_Work item_
Please write out word for word the opening lines of the material, including the line with "tiled living room" as the last.

_Records_
.....
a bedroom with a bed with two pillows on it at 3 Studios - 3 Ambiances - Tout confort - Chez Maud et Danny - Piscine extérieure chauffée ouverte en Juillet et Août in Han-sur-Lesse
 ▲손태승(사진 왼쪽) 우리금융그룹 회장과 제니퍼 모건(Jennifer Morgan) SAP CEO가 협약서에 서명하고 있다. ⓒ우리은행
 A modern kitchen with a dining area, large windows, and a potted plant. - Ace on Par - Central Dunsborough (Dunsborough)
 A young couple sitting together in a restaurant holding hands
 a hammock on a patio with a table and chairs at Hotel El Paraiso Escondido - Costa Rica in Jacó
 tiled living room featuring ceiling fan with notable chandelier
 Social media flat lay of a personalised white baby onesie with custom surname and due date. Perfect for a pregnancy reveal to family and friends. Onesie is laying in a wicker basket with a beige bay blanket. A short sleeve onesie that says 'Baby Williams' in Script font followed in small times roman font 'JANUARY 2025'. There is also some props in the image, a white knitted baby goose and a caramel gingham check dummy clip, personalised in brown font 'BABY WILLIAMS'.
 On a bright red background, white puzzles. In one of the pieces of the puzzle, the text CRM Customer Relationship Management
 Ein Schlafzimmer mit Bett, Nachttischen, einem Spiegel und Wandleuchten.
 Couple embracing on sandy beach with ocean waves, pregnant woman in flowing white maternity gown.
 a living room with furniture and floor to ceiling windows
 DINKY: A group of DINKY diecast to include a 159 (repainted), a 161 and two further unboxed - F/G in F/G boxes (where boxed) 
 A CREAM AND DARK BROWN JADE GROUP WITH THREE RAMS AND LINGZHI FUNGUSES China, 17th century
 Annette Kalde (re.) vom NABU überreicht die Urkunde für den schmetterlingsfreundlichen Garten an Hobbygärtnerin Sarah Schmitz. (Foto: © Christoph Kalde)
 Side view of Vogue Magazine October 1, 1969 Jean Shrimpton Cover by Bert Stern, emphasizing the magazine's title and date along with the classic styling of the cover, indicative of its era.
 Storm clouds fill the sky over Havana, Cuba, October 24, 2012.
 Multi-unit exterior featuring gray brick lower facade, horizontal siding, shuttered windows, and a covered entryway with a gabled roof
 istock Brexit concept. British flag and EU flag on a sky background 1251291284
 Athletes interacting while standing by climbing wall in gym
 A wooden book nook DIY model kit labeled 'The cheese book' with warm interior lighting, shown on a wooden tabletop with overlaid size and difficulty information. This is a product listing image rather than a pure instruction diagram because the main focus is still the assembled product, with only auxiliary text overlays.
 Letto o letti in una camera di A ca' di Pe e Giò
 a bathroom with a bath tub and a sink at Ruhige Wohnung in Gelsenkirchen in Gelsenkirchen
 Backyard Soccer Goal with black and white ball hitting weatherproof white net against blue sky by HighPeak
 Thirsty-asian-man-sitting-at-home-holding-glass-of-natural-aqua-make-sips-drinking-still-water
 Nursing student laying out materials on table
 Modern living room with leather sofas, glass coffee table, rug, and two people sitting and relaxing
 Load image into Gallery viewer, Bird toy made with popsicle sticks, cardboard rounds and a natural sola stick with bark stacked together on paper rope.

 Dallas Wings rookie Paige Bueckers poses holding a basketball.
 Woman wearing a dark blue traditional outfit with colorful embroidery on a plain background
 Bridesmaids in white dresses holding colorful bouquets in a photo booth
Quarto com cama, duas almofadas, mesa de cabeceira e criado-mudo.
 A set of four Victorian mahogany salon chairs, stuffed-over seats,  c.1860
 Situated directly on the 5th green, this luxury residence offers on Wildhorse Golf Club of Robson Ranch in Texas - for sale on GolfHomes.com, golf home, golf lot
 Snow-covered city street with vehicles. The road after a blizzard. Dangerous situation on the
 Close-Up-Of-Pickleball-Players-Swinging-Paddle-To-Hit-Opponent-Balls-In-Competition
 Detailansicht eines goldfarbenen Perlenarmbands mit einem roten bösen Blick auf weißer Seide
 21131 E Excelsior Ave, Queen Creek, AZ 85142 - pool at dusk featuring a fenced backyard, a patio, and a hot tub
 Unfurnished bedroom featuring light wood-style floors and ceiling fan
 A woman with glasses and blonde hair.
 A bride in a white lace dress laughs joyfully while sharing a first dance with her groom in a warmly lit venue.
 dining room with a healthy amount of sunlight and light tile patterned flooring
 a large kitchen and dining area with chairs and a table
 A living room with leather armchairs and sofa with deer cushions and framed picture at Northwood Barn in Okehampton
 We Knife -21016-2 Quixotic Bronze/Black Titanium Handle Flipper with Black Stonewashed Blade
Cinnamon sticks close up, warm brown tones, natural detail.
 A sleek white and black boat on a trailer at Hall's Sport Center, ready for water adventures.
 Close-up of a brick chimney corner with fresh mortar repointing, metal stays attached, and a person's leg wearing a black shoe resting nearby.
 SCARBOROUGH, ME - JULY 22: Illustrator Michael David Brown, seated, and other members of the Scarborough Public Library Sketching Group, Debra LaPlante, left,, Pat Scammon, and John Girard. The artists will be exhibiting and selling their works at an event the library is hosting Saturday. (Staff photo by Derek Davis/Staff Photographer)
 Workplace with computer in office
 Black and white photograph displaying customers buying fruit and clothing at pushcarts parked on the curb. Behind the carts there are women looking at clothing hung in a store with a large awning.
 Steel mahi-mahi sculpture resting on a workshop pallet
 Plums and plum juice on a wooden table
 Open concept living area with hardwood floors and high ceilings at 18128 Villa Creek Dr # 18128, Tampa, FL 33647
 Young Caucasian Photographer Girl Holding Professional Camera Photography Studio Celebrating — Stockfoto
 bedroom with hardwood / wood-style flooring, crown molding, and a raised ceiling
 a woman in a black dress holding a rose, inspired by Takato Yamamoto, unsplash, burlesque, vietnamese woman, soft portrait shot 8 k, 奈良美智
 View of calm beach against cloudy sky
.....
_Solution to this exercise_
a bedroom with a bed with two pillows on it at 3 Studios - 3 Ambiances - Tout confort - Chez Maud et Danny - Piscine extérieure chauffée ouverte en Juillet et Août in Han-sur-Lesse
 ▲손태승(사진 왼쪽) 우리금융그룹 회장과 제니퍼 모건(Jennifer Morgan) SAP CEO가 협약서에 서명하고 있다. ⓒ우리은행
 A modern kitchen with a dining area, large windows, and a potted plant. - Ace on Par - Central Dunsborough (Dunsborough)
 A young couple sitting together in a restaurant holding hands
 a hammock on a patio with a table and chairs at Hotel El Paraiso Escondido - Costa Rica in Jacó
 tiled living room featuring ceiling fan with notable chandelier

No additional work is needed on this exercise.